SCREEN

THE PROPOSITION

Benjamin Spacek

"You want me to kill me brother," Charlie Burns responds with grim resignation. Under normal circumstances, Charlie and his younger brother, Mikey, would just be hanged. But here in the Mythical Western, Charlie has been given a quest. If he will kill his older brother, Arthur, he will save himself and Mikey from the gallows. He has until Christmas, nine days away. In the Australian outback, it's also roughly the temperature of hell.


Charlie is played by Guy Pearce as the closest thing this film has to a moral center, though the creatures who crawl through this tale mostly trade in shades of evil. Charlie and Mikey were members of the ruthless Burns gang, wanted most notoriously for the rape and murder of the Hopkins family. What would possess Captain Stanley (Winstone) to strike this devil's deal with such an outlaw? Maybe it's the heat.


With its blood-soaked, sun-baked canvas, The Proposition will certainly draw comparisons to the films of Sam Peckinpah. If the point of The Wild Bunch was to remind us that violence is real, this revisionist entry seems content merely to point out that violence happens. A lot.

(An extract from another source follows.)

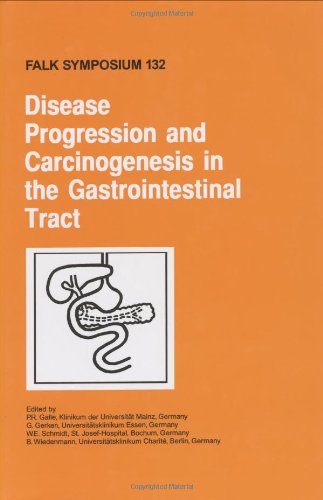 Disease Progression and Carcinogenesis in the Gastrointestinal Tract: 132 (Falk Symposium)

Helping to distract us from the pointless narrative is a transcendent cast and some striking cinematography. John Hurt appears as a scalawag bounty hunter, and David Wenham is Stanley's sadistic, snobbish superior. At the center is the triangle of brothers Charlie and Arthur, and Captain Stanley. Arthur (Danny Huston, son of John) is clearly the catalyst for his gang's brutality. He lives deep in the wilderness and babbles on about the importance of family, but he cares for humanity about as much as Charles Manson.


The screenplay (as well as the music) is courtesy of Nick Cave, he of The Bad Seeds fame. This is the same guy whose take on She Loves Me, She Loves Me Not involved ripping the wings off of flies instead of flower petals. This time the flies get the last laugh, swarming over living and dead bodies alike. They realize there's no difference.